As a teenaged boy, I spent many nights lying in the middle of a suburban street outside of Houston, Texas, staring at the sky. My best friend at the time would often join me. We’d imagine building spaceships and one day taking them to far away solar systems — a dream I still at times wistfully entertain. Often, we would sit in my driveway, and using my paper star charts, we’d try find some distant celestial object. Frequently, we would attempt to train my telescope on the furthest heavenly body we could find. This proved to be very difficult because in the Houston sky stars are sparse, and distant stars are faint. City lights are so numerous, and so bright that their noise drowns out the glimmer and twinkle of all but the brightest stars. In Houston, the night sky is mostly an unwrinkled sheet of drab charcoal gray punctuated by dim, flickering points here and there.
But oh my goodness! When you go to the top of a mountain in Colorado, the view is different. There are no city lights blaring out an unrelenting whitewash to cover uncountable glinting shards and sparkling diamonds set in black velvet or midnight blue. The beauty cannot be described. It can only be experienced. And the only way that you can experience it is to separate yourself from the city.
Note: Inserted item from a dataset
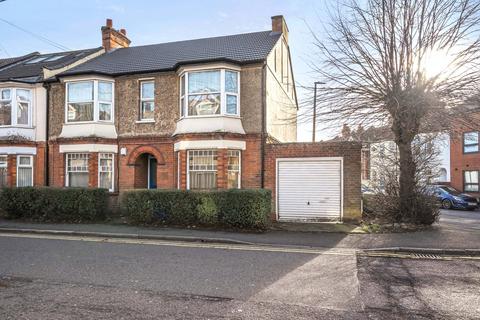 Marlborough Road, Hertfordshire WD18 5 bed semi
Ironically, this isn’t because the city lights are brighter than the stars. The stars are millions of times brighter than the city lights. You can see some of those stars from your city, but you would not be able to see any of your city lights from those stars. It isn’t that the city lights are bigger than the stars. The stars are many, many times bigger than our planet. It isn’t that city lights are more beautiful than the stars. A trip to the top of the mountain proves it. Its your proximity to the city lights that keeps you from seeing the stars. The closer you are to the city, the more engulfed in its light you become.
This is partly why we as followers of Christ are called to be separate from the world (2 Corinthians 6:17). When we are part of the world, it’s harder for us to see God’s light. We are so close to the wrong light source, that we are no longer able to see the narrow path that God is lighting before our feet (Psalm 119:105), and we begin to follow instead the broad path that our city might want us to follow (Matthew 7:13-14). And if our light is drowned out by the city light around us, then we cannot be the lighted city on a hill for others to see and find that we have been called to be (Matthew 5:14-16).